Running TensorFlow 2.x GPU on Docker and GCP

If you are planning a relatively short training period (less than 24 hours), you may want to create a cheaper preemptible instance:

gcloud compute instances create gcp_instance_name \
--image ubuntu-1804-bionic-v20200916 \
--image-project ubuntu-os-cloud \
--boot-disk-device-name=boot_disk_name \
--boot-disk-size=150 \
--machine-type=n1-highmem-4 \
--accelerator=count=1,type=nvidia-tesla-t4 \
--maintenance-policy TERMINATE \
--boot-disk-type=pd-standard \
--network-interface subnet=default-subnet \
--metadata-from-file startup-script=startup_gcp.sh \
--preemptible

The startup script will install Docker and a few more useful libraries on your newly created machine:

echo "startup-script"

echo "Set locals and timezone"
sudo locale-gen "en_US.UTF-8"
sudo dpkg-reconfigure locales
sudo timedatectl set-timezone Asia/Singapore

# https://docs.nvidia.com/datacenter/tesla/tesla-installation-notes/index.html
echo "NVIDIA Driver Installation"
sudo apt-get install linux-headers-$(uname -r)
distribution=$(. /etc/os-release;echo $ID$VERSION_ID | sed -e 's/\.//g')
wget https://developer.download.nvidia.com/compute/cuda/repos/$distribution/x86_64/cuda-$distribution.pin
sudo mv cuda-$distribution.pin /etc/apt/preferences.d/cuda-repository-pin-600
sudo apt-key adv --fetch-keys https://developer.download.nvidia.com/compute/cuda/repos/$distribution/x86_64/7fa2af80.pub
echo "deb http://developer.download.nvidia.com/compute/cuda/repos/$distribution/x86_64 /" | sudo tee /etc/apt/sources.list.d/cuda.list
sudo apt-get update
sudo apt-get -y install cuda-drivers
nvidia-smi

echo ":trying to remove docker engine (if exists)"
sudo apt-get remove docker docker-engine docker.io containerd runc

echo ":apt-get update"
sudo apt-get update
sudo apt-get install -y \
    apt-transport-https \
    ca-certificates \
    curl \
    gnupg-agent \
    software-properties-common

echo ":curl -fsSL https://download.docker.com/linux/ubuntu/gpg | sudo apt-key add -"
curl -fsSL https://download.docker.com/linux/ubuntu/gpg | sudo apt-key add -

echo ":apt-key fingerprint 0EBFCD88"
sudo apt-key fingerprint 0EBFCD88

echo ":sudo add-apt-repository..."
sudo add-apt-repository \
   "deb [arch=amd64] https://download.docker.com/linux/ubuntu \
   $(lsb_release -cs) \
   stable"

sudo apt-get update

echo ":sudo apt-get install -y docker-ce docker-ce-cli containerd.io"
sudo apt-get install -y docker-ce docker-ce-cli containerd.io

# https://docs.docker.com/engine/install/linux-postinstall/
echo ":using docker without sudo"
sudo groupadd docker
sudo usermod -aG docker $USER
newgrp docker

echo Configure authentication to Container Registry.

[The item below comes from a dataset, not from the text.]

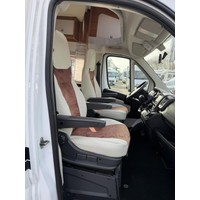 Tec H682 Rotec Lift-S Automaat Enkele Bedden Hefbed Luifel Fietsenrek Foto #7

# https://cloud.google.com/container-registry/docs/advanced-authentication
VERSION=2.0.2
OS=linux
ARCH=amd64

echo ":curl -L ..."
curl -L "https://github.com/GoogleCloudPlatform/docker-credential-gcr/releases/download/v${VERSION}/docker-credential-gcr_${OS}_${ARCH}-${VERSION}.tar.gz" -o docker-credential-gcr_linux_amd64-2.0.2.tar.gz

echo ":tar xvf ..."
tar xvf "./docker-credential-gcr_${OS}_${ARCH}-${VERSION}.tar.gz"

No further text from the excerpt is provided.